This mortgage calculator is a simple loan calculator. It is a tool that helps you estimate the cost of your mortgage - you can use it as your mortgage estimator. With our smart mortgage payment calculator you will be able to easily compute your monthly installments for different payback periods and mortgage rates (mortgage amortization). Thinking about buying your first property? Wondering whether you can afford it? After you put in just a few digits, our mortgage calculator will tell you what your monthly payment and your total payments will be. To know the details of how to calculate mortgage payment check out the mortgage payment formula section below. In the text below we will also explain to you: what is a mortgage definition and what is a reverse mortgage.

What is a mortgage?

Formally, a mortgage is a legal agreement by which a bank (or another mortgage lender) lends a debtor money in exchange for taking the title of debtors property. The bank holds this title until the debt is fully repaid.

The inseparable part of a mortgage is the interest, which is the cost of a loan for the debtor and the remuneration for the bank.

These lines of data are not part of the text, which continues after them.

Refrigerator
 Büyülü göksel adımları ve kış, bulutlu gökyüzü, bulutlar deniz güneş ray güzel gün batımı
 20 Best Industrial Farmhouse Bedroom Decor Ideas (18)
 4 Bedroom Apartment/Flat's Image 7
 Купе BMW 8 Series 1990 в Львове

In other words, we can say that a mortgage is a kind of a personal loan that the bank gives you to help you buy a house. The characteristic feature of each mortgage is setting the collateral on the real estate the debtor buys. It means that if the debtor is unable to pay monthly installments, the bank takes ownership of the house.

You should know that usually, the mortgage payment consists of four components: principal, interest, insurance, and taxes. To make calculations more straightforward, in this calculator we focus on the first two parts.

How to calculate a mortgage payment

In order to understand it, you need to familiarize yourself with some basic terms:

  • Principal. This is simply the amount you want to borrow from the bank. It will depend on two variables: the price of the property and the down payment.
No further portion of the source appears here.